Subspace-SpatialCodec

We explore spatial speech coding for multi-speaker, multi-mic recordings and propose Subspace-SpatialCodec: a two-branch neural codec that (i) derives two reference channels via a subspace method and encodes them with mono Encodec, and (ii) learns complex ratio filters (CRFs) to reconstruct all array channels from the references—preserving spatial cues (direct path, early and late reflections) under tight bit-budgets. Compared to SpatialCodec, our design targets multi-source scenes by steering references with the dominant subspace of the spatial covariance.

Two-branch architecture: subspace-steered references (Encodec) + SpatialCodec-style CRFs for array reconstruction.

TL;DR — What’s new

Subspace-steered references: Build two reference channels by eigen-decomposing per-bin spatial covariance, then encode with pretrained mono Encodec (6 kbps × 2).
Spatial branch: Condition a CRF decoder on (reference STFTs ⊕ spatial covariance features) to synthesize M channels.
Multi-speaker focus: Designed to scale beyond one speaker by letting the references capture dominant steering vectors.

Problem & Setup

We code an $M$-mic mixture $x(t)=\sum_{i=1}^{N}\big[h_{i1}(t),\ldots,h_{iM}(t)\big]*s_i(t)$ into a low-bitrate code $C$ and reconstruct $\hat{x}$ that keeps spectral quality and spatial structure: $\hat{x}=\Psi_{\text{Dec}}(C),\quad C=\Psi_{\text{Quant}}(\Psi_{\text{Enc}}(x)).$ Training uses simulated rooms (pyroomacoustics), 1–4 speakers, circular array (10 cm radius), LibriTTS at 16 kHz, 37k six-second samples. STFT: 640-pt Hann, hop 320.
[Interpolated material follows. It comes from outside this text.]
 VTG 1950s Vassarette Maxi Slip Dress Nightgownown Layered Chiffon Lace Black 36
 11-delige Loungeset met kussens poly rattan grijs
Branch 1 — Two-Channel Subspace Reference Codec

Compute per-frequency spatial covariance: $\Phi(f)=X(f)\,X(f)^{\mathrm H},\quad X(f)\in\mathbb{C}^{M\times T}.$ Take the top-2 eigenvectors $A\in\mathbb{C}^{M\times 2}$ and form the steered references: $X_{\text{ref}}=A^{\mathrm H}X,\quad x_{\text{ref}}=\mathrm{ISTFT}(X_{\text{ref}}),$ then encode each reference with pretrained Encodec (6 kbps). Motivation: provide cleaner steering signals for multi-source synthesis.
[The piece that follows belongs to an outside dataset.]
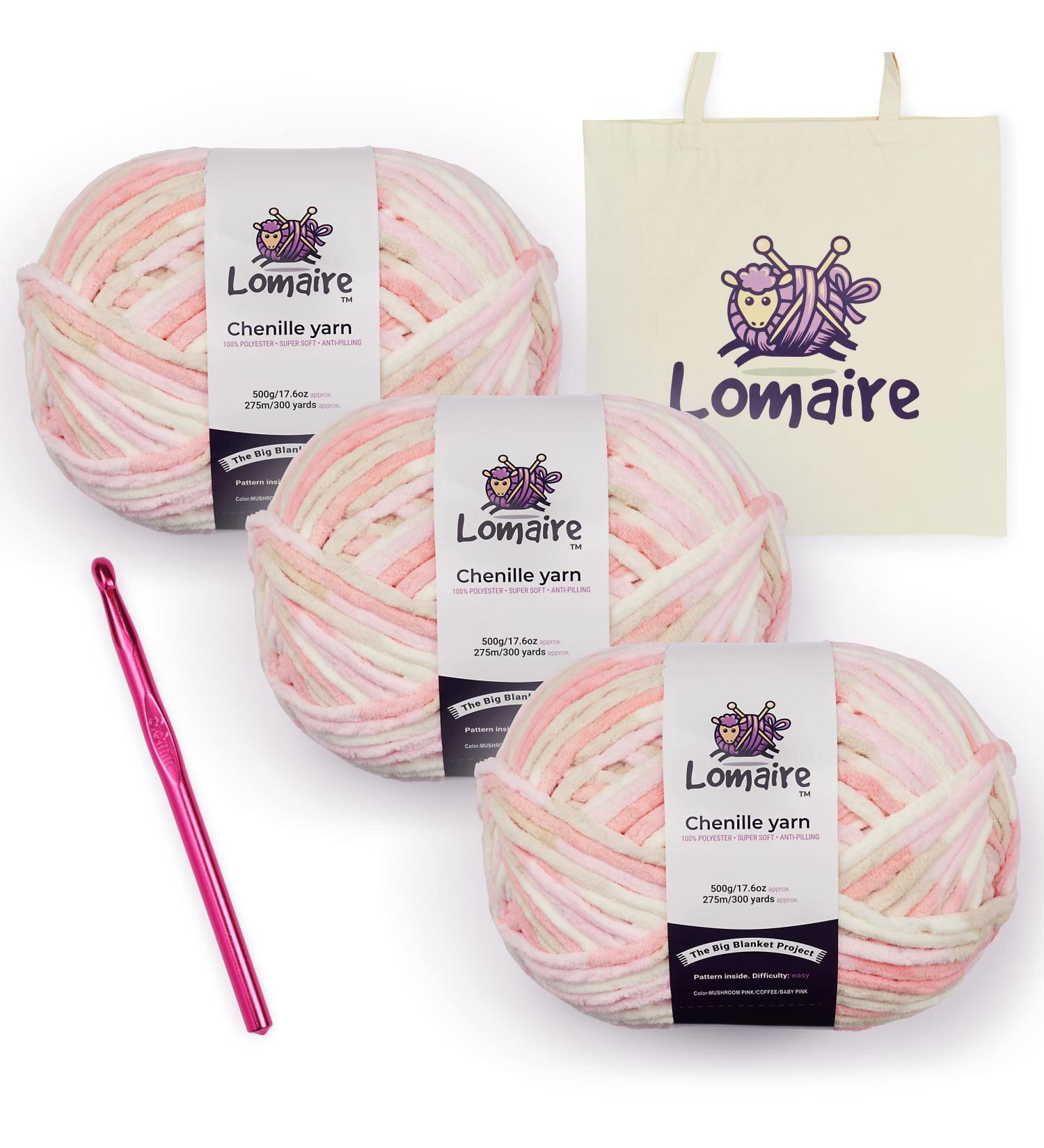 Lomaire Chunky Yarn Blanket Crochet Kit - 3.3LB Chenille Yarn, 8mm Crochet Hook, Cotton Tote Bag - Knitting & Crochet Supplies in Pink Coffee Mushroom - Buy Online on SooperMarket.com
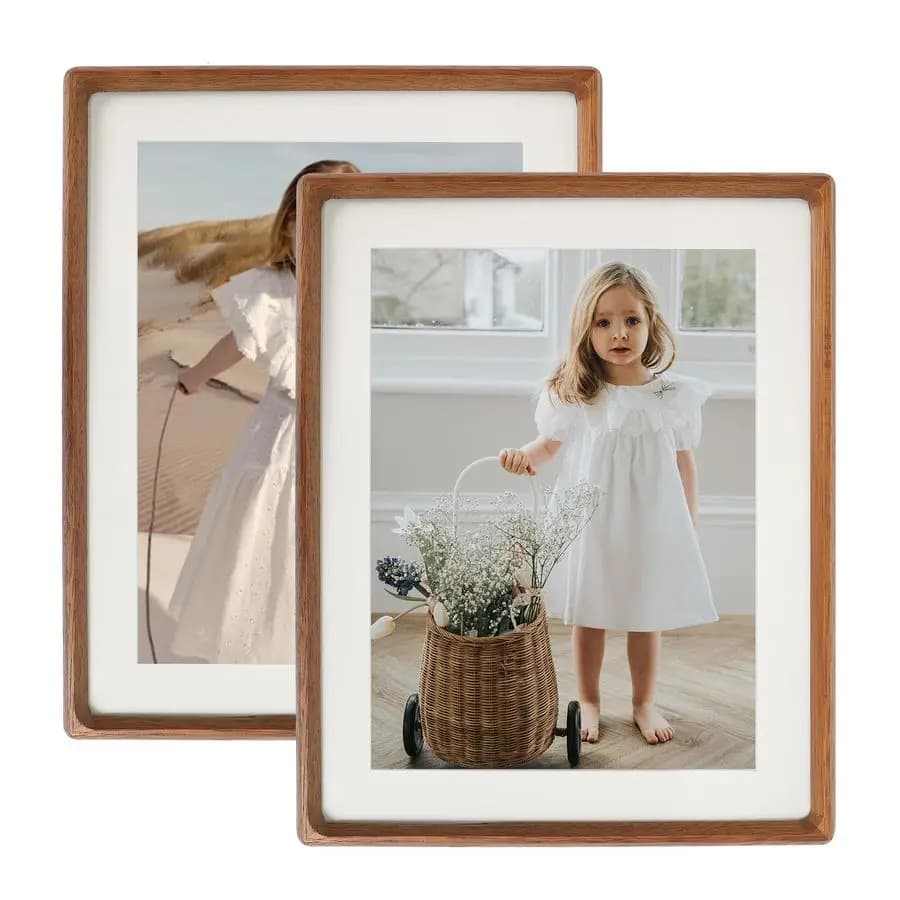 Set of 2 Frames for Natural Wood Photo, for Images 8x10 with Passepartout or 11x14 Without Passepartout, Multiple Frames for Photo Collage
Branch 2 — Subspace-SpatialCodec (CRF Decoder)

Inputs (per TF bin):

Real/imag of $\Phi(t,f)$ (spatial covariance), and
Real/imag of reference STFTs $X_{\text{ref}}$.

A time-freq CNN encoder compresses features to 6 sub-bands, with residual vector quantization; a transpose-CNN decoder predicts complex ratio filters $W_m(c,t,f,l,k)$ to synthesize each array channel: $\hat{X}_m(t,f)=\sum_{c=1}^{2}\sum_{l=-L}^{L}\sum_{k=-K}^{K} W_m(c,t,f,l,k)\, \hat{X}_{\text{ref}}(c,t+l,f+k).$ Training uses codebook loss + time-domain SNR loss; at train time the CRF applies to the ground-truth references to avoid branch mismatch. Typical settings: $K{=}1$, $L{=}4$, codebook size $1024$, 4 RVQ layers.

Metrics

Channel metrics: SNR, PESQ, STOI; non-intrusive: DNSMOS (SIG/BAK/OVRL).
Spatial metrics: RTF error (angle between true/estimated principal RTFs) and Spatial Similarity via super-directive beamformer banks. Also report metrics after beamforming toward ground-truth DOAs.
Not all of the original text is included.